Yet immortality is pretty tricky stuff. Wanting it is one thing, getting it is another matter altogether. There are no countries left to discover, all the peaks have been climbed, and frankly, a solo yachtsman going around the world is more of a nuisance than an heroic event these days.

The traditional method is to do something miraculous and worthwhile that will change the world forever. I tried this last Tuesday and nobody noticed, so I guess that's out.

There is only one sure-fire way. I have to get some fabulous, high profile celebrity chef to create a dish and name it in my honour. Maybe Jean-Christophe, Marco or Gordon could whip something up after service one night. Not just any old thing, but something that really sums up my character; something large yet graceful, complex yet simple. It would have to be tall, dressed in black, and slightly bitter. Chocolate, perhaps?

It's a pity Auguste Escoffier isn't still around, or he could have done for me what he did for the Australian opera singer, Dame Nellie Melba, in 1892. When the Duke of Orleans held a special dinner at the Savoy Hotel to honour Melba's performance in Wagner's Lohengrin, the chef pulled out all the stops. Inspired by the singer's greatness and the potential for publicity, Escoffier created a glorious vision of a carved-ice swan floating on a sea of vanilla ice-cream, bearing plump, ripe, poached peaches draped in a raspberry coulis. Topping it off was a fine, silky web of spun sugar.

While Escoffier's recipe for Peche Melba has evolved into canned peach slices on commercial ice-cream with raspberry syrup, the important thing is that her name is still on the menu, 100 years later.

Then there are people like the American millionaire, John D Rockefeller, who could have bought and sold his immortality a hundred times over.

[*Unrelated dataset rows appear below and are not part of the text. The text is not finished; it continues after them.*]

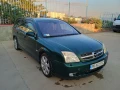 Опел Вектра C, снимка 2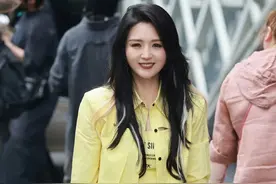 《浪姐5四公》录制结果，何洁第一，Mai退赛，蔡诗芸惨遭淘汰图片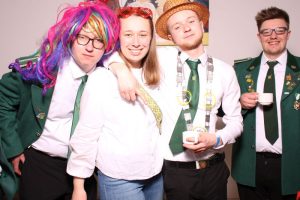 Winterball FB 31012026 038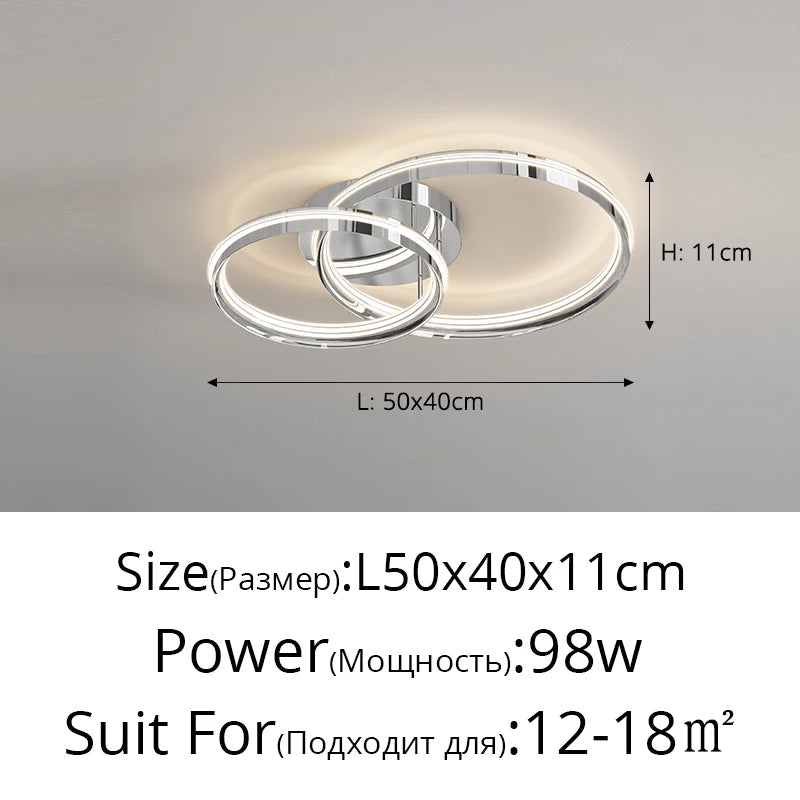 plafonnier-led-moderne-pour-d-coration-int-rieure-lumineuse-8.png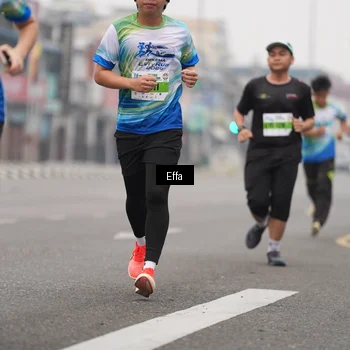 Runner Photo 7253878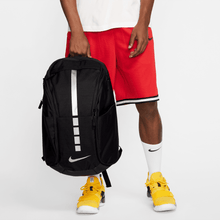 Load image into Gallery viewer, Nike Hoops Elite Pro Basketball Backpack (Unisex)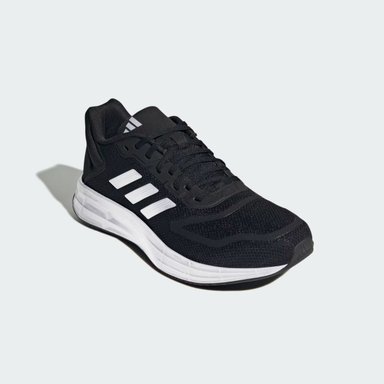 ZAPATILLAS ADIDAS DURAMO 10 GX0709 - 1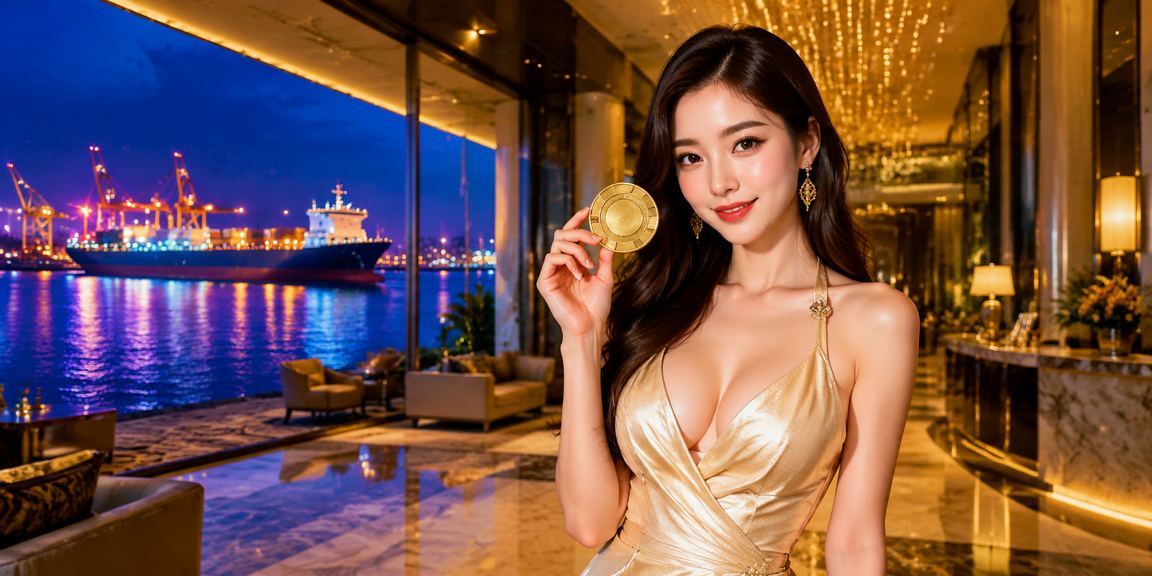 Người dùng Hải Phòng hoàn tất đăng ký tài khoản và nhận thưởng chào mừng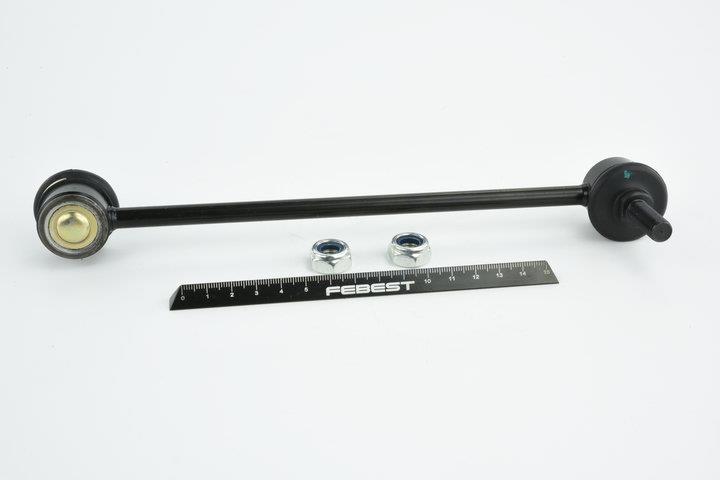 Buy Febest 2123-FOCIF at a low price in United Arab Emirates!
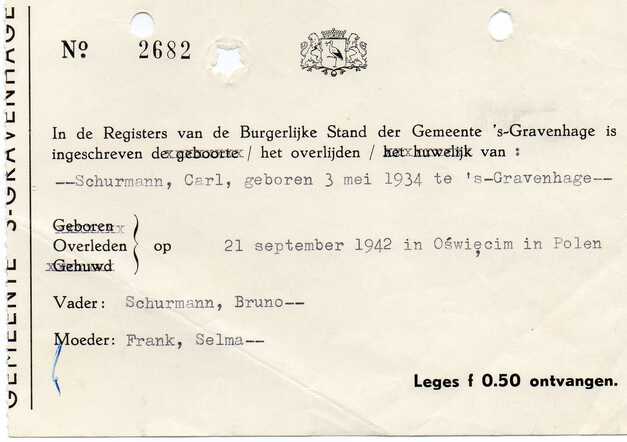 overlijden Carl003.jpg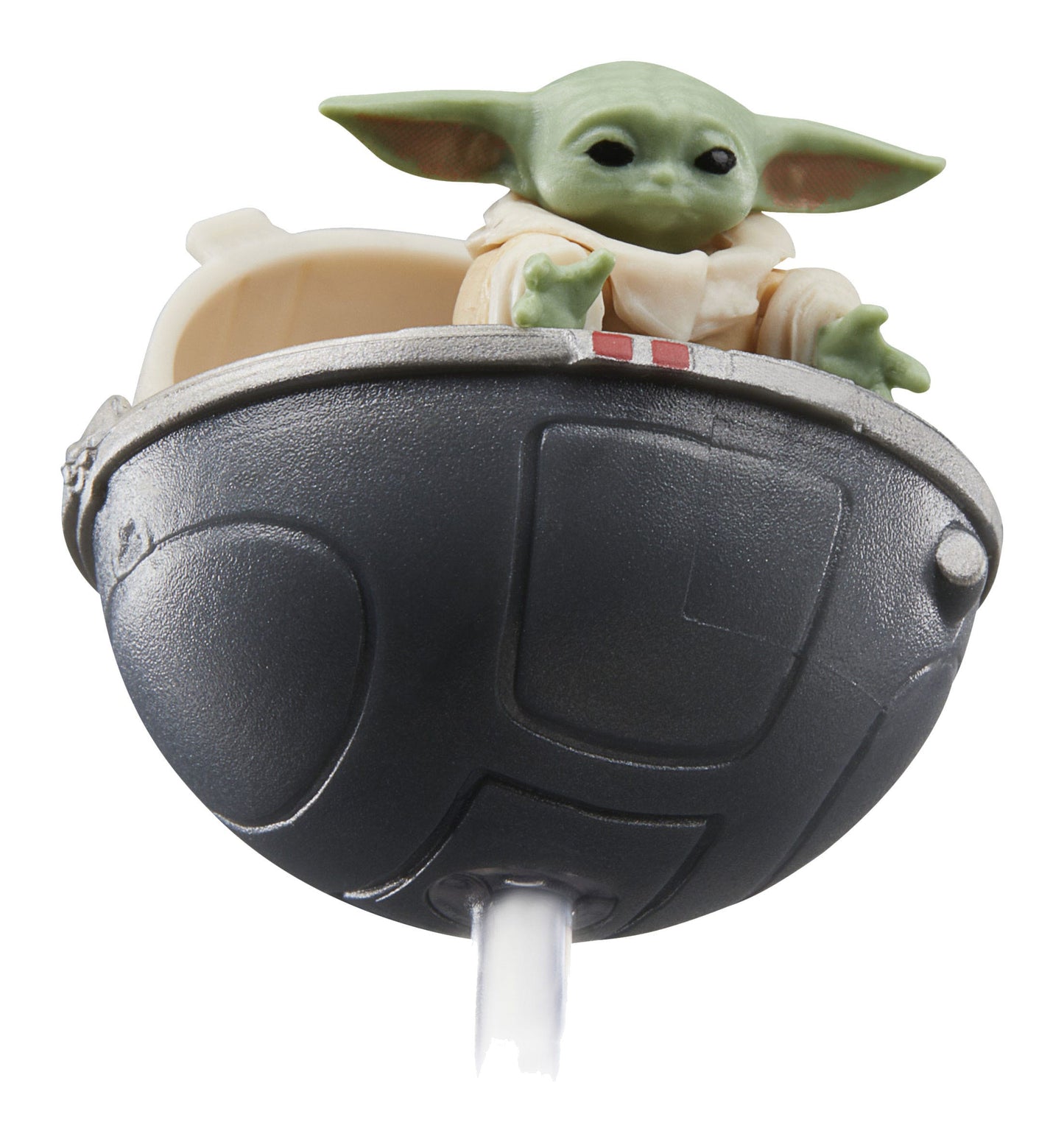 Grogu - Vintage Collection - Hasbro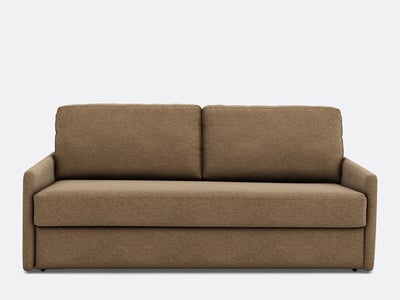 Canapé convertible Marta, La Redoute Intérieurs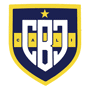 awayLogo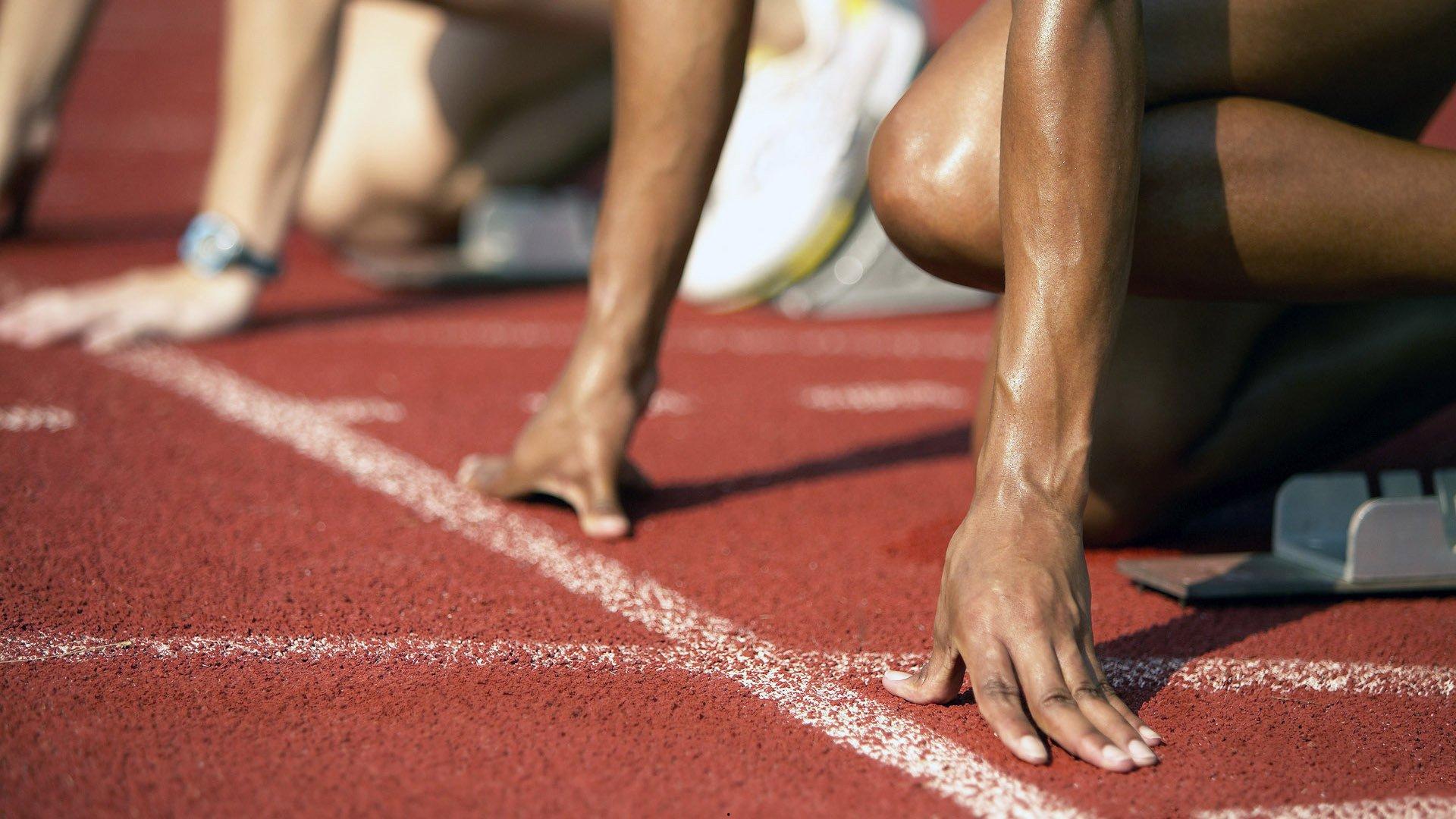 孙铭徽动情宣言，多年坚守终夺冠 这仅是伟大征程的开端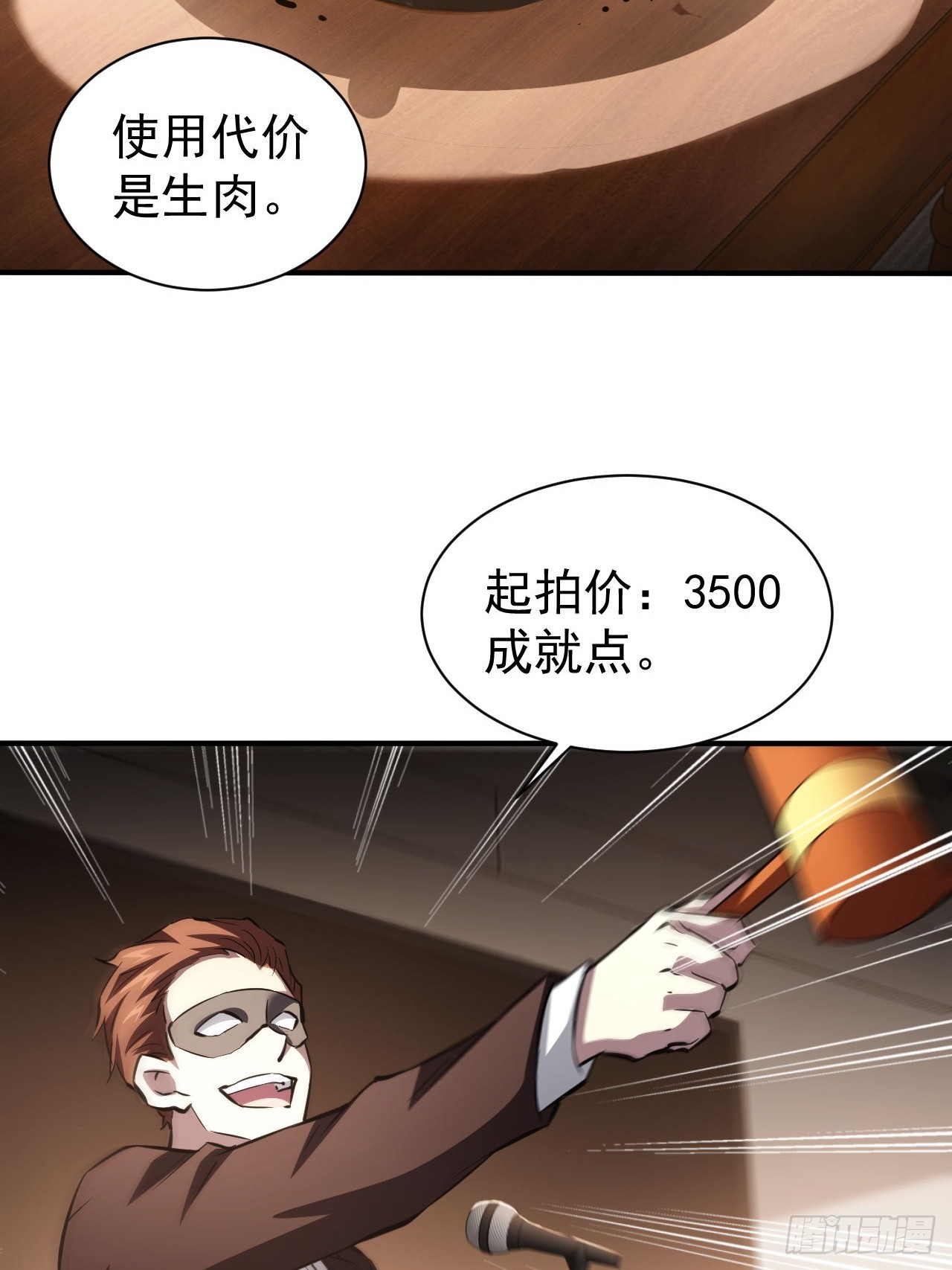 24.jpg
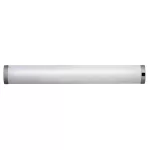 Rábalux 2329 Soft Beltéri Pultmegvilágító lámpa ezüst- G13 T8 1x MAX 18, IP20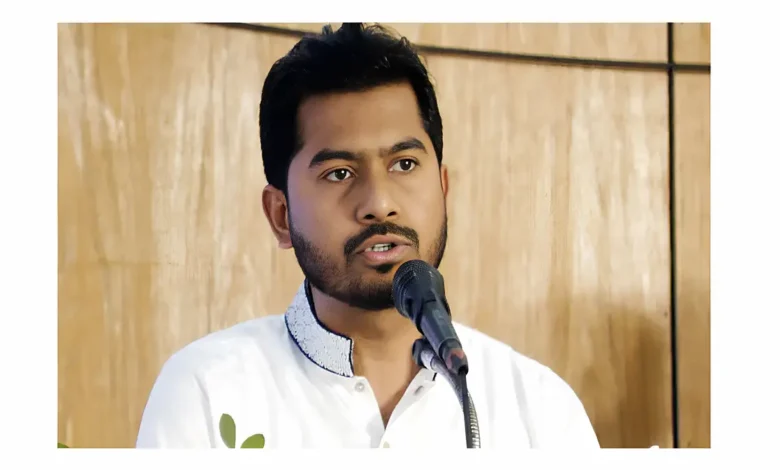 বিজয় আমাদের হয়ে গেছে, ১২ ফেব্রুয়ারি শুধু আনুষ্ঠানিকতা
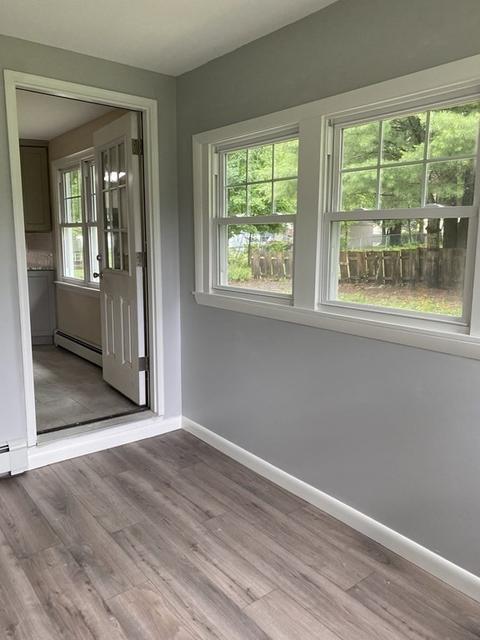 65 Penncastle St, Springfield, MA 01129 photo 16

Yet when we remember his name today, we think not of oil wells, railroads or steel plants, but of a lush, classy dish of warmed oysters enrobed in a pureed sauce of green herbs and vegetables.

Jules Alciatore of Antoine's restaurant in New Orleans created Oysters Rockefeller in 1899, when he was threatened by a shortage of snails from France for his famous Escargots a la Bourguignonne. It was so rich, he named it for the richest man he knew. But I wonder whether Mr Rockefeller was all that thrilled about being transformed into a snail substitute.

Far better to be remembered as a man of substance and extravagance, like Gioacchino Rossini. While opera lovers may remember every note of The Barber of Seville, my thoughts go to the Parisian chef who, in 1855, responded to Rossini's request for "something with foie gras and truffles" by creating the timeless Tournedos Rossini.

Since the 1930s, the most popular summer drink at Harry's was a deliciously rosy concoction of sparkling Prosecco wine and white peach juice. It remained nameless until an exhibition opened in 1948 honouring a painter known for his peachy-keen colours. His name, (Giovanni) Bellini, is now on everyone's lips, every summer, around the world.

So what will my dish be? Something with caviare perhaps? Or lobster? Truffles, foie gras, oysters? There are some unkind people who suggest that an entire buffet might be more appropriate.

I don't care what my namesake is, as long as it looks good, tastes good, and has real staying power.

Why go down in the history books, when you can go down in the cookery books?